Nomismation: Measuring Monetary Integration in the Late Roman Empire
The purpose of this project is to develop a database of fourth and fifth century coins found in Egypt in order to study and statistically measure the actual monetary integration of the province with Europe, North Africa, and the Middle East during its first unified currency system under the Roman Empire.
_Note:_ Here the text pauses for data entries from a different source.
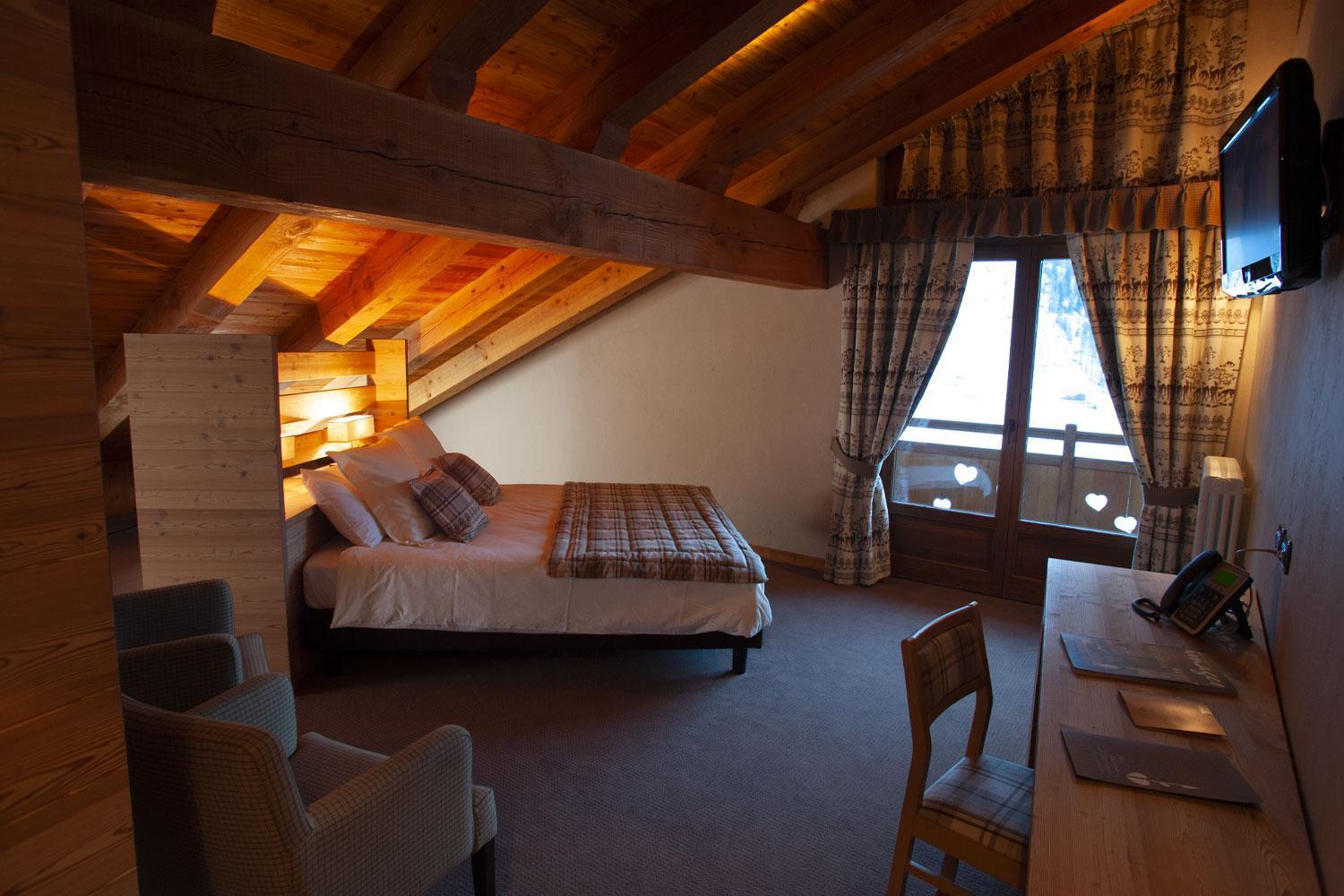 La Madonnina Del Gran Paradiso Wellness Hotel Cogne Exterior foto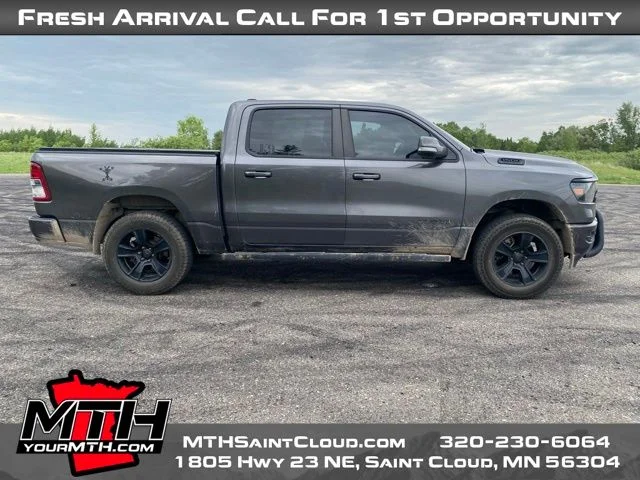 2020 RAM 1500 Big Horn/Lone Star 4x4 Crew Cab 5'7's photo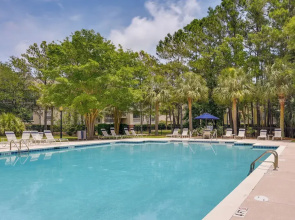 Mount Pleasant Condo w/ Pool & Bikes: Near Beach!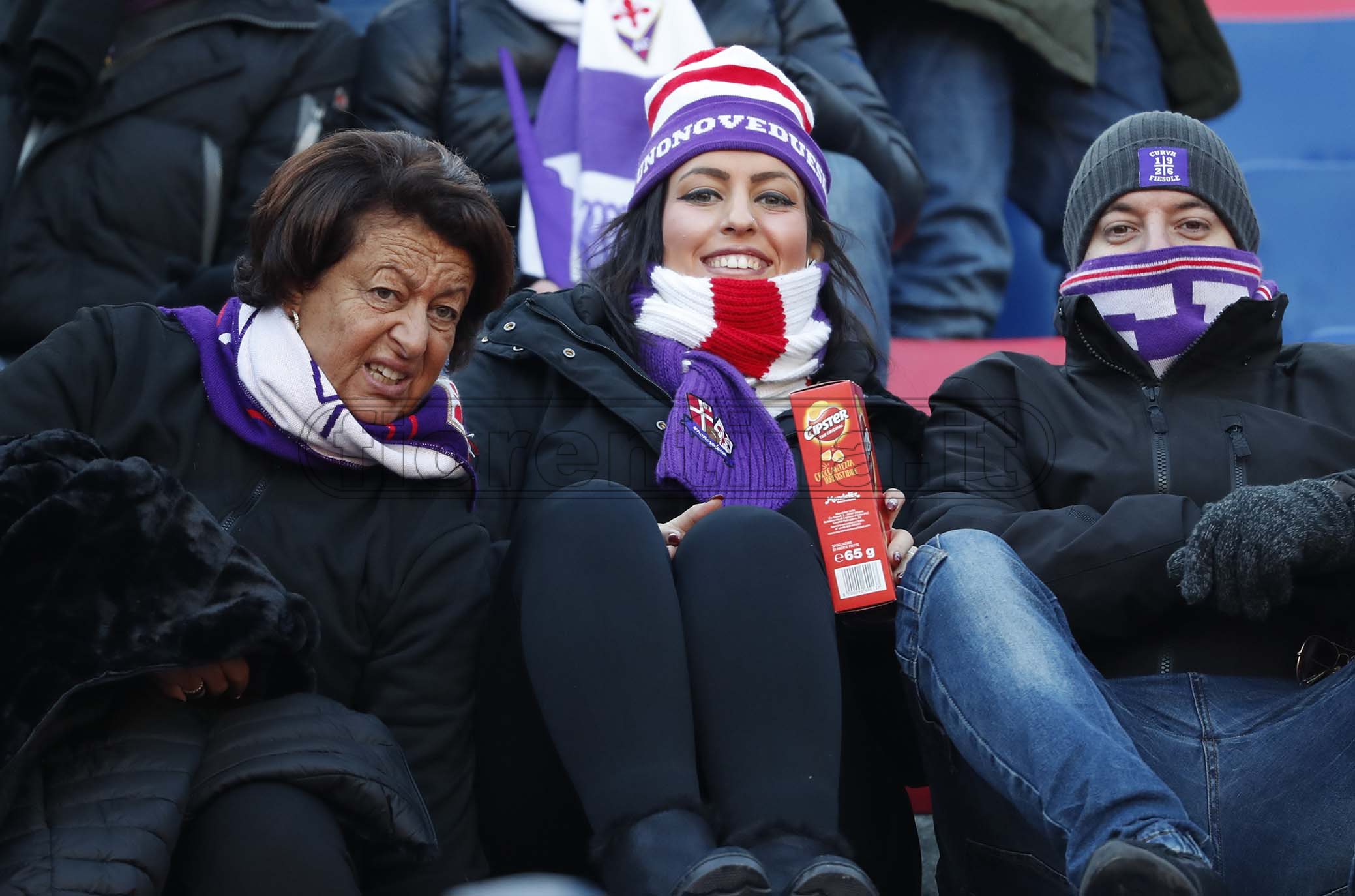 BOLOGNA - ITALY, 06-01-20 -FOTO DI CASTALDI / SILPRESS - 18° GIORNATA DI CAMPIONATO SERIE A TIM - STADIO RENATO DALL’ARA - BOLOGNA VS FIORENTINA, NELLA FOTO: TIFOSI DELLA FIOORENTINA IN TRASFERTA A BOLOGNA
Throughout the first 350 years of the Roman Empire, provincial coinages played an important role in the Eastern provinces of the Empire and circulated in tandem with imperial coinages, the latter of which were mostly minted in Rome. Egyptian coins were the exception, as the province maintained a closed currency system, and used different denominations, weights, and even metals for its coinage. It also had only one official mint in Alexandria. Starting in 287, Diocletian instituted empire-wide economic reforms, one of which introduced a new set of coinages in 294, and another which instituted an abolition of Egypt’s isolated monetary zone, which took effect in 297/98. For over six centuries, entering Egyptian territory had necessitated the exchange of currency at its borders. While this practice allowed very close control of the metal supply and the minting schedule, as well as the extraction of coinage within the province, it separated Egypt from the rest of the Roman Empire. Egypt’s isolated economic status relative to the rest of the provinces was a characteristic that strongly challenged Diocletian’s political ideal of a stable empire. Furthermore, during periods of rebellion, usurpers were known to mint their own coins. Thus, after the revolt of L. Domitius Domitianus in 297/298, Diocletian Egypt’s separate currency system could have been perceived as an invitation for further political unrest.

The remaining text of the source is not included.